When the Edo based Tokugawa shogun would visit the Emperor in Kyoto, they would be expected to travel via the 514 kilometer long Tokaido Highway, passing through all the 53 designated post towns and check points, but only stopping and staying at Odawara Castle, Sumpu Castle, Hamamatsu Castle, the Tokugawa’s ancestral home castle of Okazaki, Yoshida Castle in Toyohashi, Nagoya Castle, Kuwana and one more, before arriving in Kyoto.
For that reason, the masters of all the castles along the Tokaido, and indeed the five major highways, would not reside in their castle’s central, safest and most gorgeous Honmaru Goten palaces, but in the Ni-no-Maru, second enclosures’ palaces. The Honmaru Goten palaces of the castles along the major thoroughfares were fully maintained around the clock, but deemed solely for the use of the Shogun, should he ever suddenly arrive, having had to flee Edo following attack, fire or disaster.
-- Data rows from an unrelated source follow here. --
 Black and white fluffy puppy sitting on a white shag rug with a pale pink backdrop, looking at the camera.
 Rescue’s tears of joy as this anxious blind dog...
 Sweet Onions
One of the most difficult, and dangerous stretches for the Shogun was the long stretch between Kuwana (Mie Prefecture) and Kyoto. The distance from Suzuka Pass to the off route Hikone Castle or to Zeze Castle south of Lake Biwa was just too great for a single day’s travel.
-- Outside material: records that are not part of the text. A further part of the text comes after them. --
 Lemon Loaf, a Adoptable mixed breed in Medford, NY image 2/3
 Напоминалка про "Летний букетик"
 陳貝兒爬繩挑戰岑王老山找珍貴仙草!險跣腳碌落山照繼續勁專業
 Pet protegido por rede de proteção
The post town of Minakuchi-juku in Koka, Shiga Prefecture, was ideally positioned, and it featured one honjin, (inns reserved solely for the use of daimyo traveling to and from Edo on Sankin Kotai, alternative attendance duties) one waki-honjin (designated for lower ranked daimyo) and 41 hatago (inns to be used by the common folk and often samurai serving the lords’ processions to and from Edo). Minakuchi also had a single Tonyaba, rental packhorse stables and goods warehousing facility. It was once watched over by a fortress known as Minakuchi Okayama Castle, but this had been destroyed some 34 years earlier.
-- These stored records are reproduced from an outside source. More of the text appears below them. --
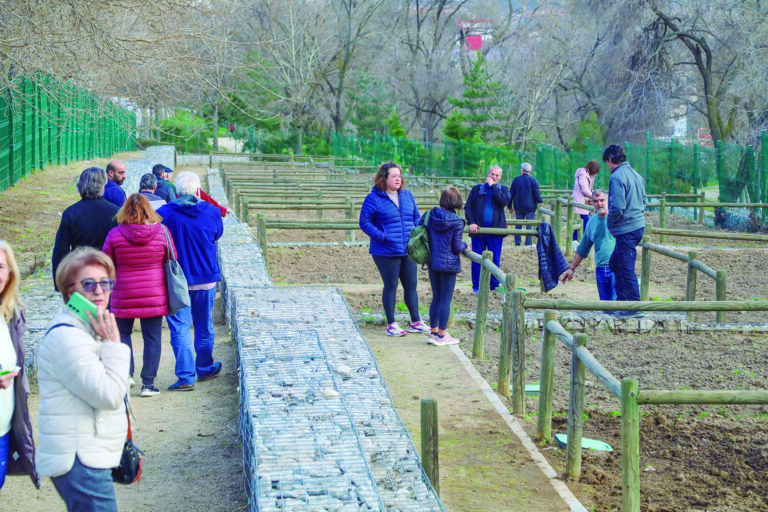 El Ayuntamiento de Alcobendas inicia la entrega de huertos urbanos para fomentar la comunidad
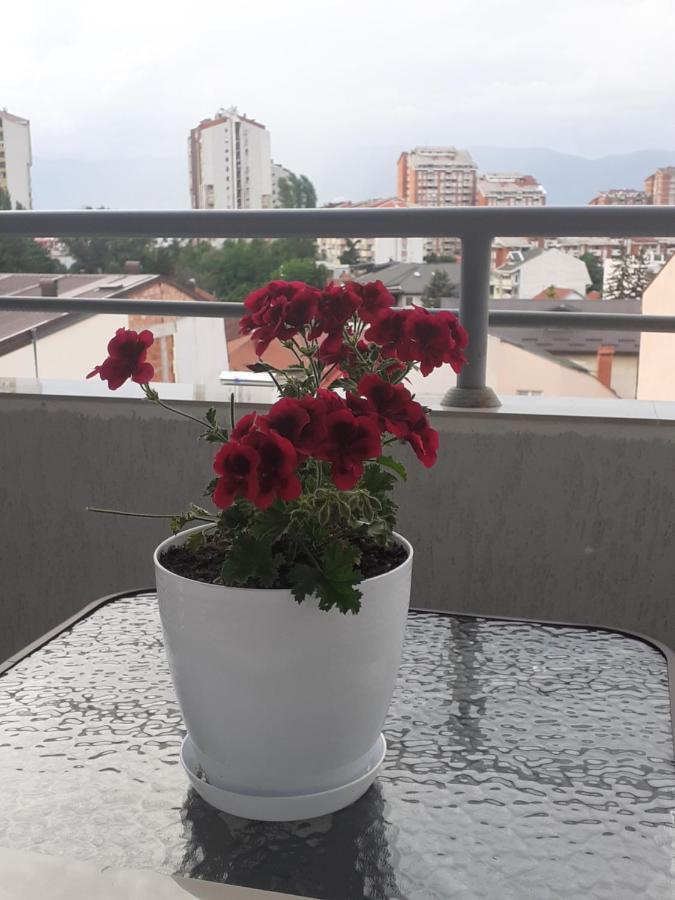 Ballet Apartament Skopje Ngoại thất bức ảnh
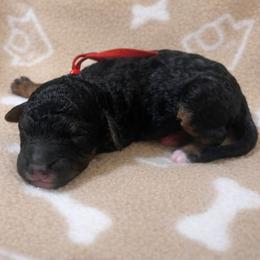 Falcon - Phantom male Goldendoodle puppy in Pittsburg, Texas from Grace Springs Goldendoodles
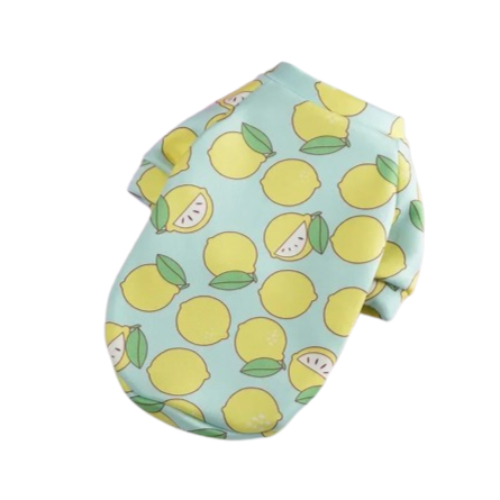 Pull pour Chihuahua bleu avec motifs citrons β Confortable, vΓͺtement parfait pour garder votre petit chien ou chat au chaud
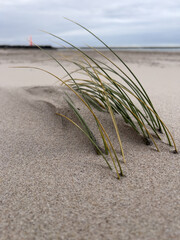 Strandhafer im Sand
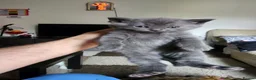 British Longhair cats for sale: Stunning British Kittens - Home Reared & Healthy - Advert 22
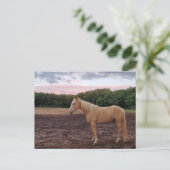 シャンパンホース ポストカード (スタンド正面)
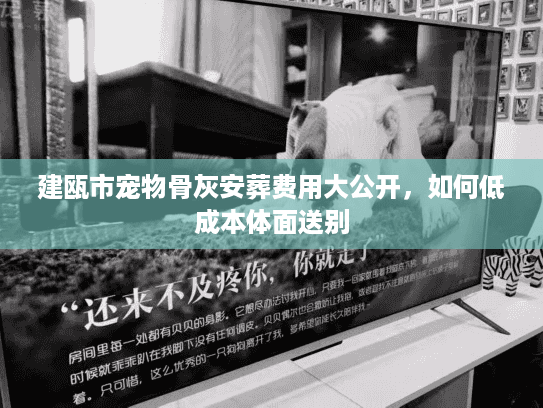 建瓯市宠物骨灰安葬费用大公开，如何低成本体面送别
Minakuchi Okayama Castle was originally under the command of the warlord Natsuka Masaie, a native of Owari Province (Aichi Pref.), who served Niwa Nagahide under Oda Nobunaga, and later Toyotomi Hideyoshi. He was recognized for his strong intellect and mathematical abilities, and played a major role in organizing logistics during Hideyoshi’s Siege of Odawara against the Hojo in 1590. For this, he was rewarded with Minakuchi Castle and a 50,000 koku stipend. He was also appointed by Hideyoshi as one of his five commissioners along with Ishida Mitsunari to oversee matters in the Korean Campaign.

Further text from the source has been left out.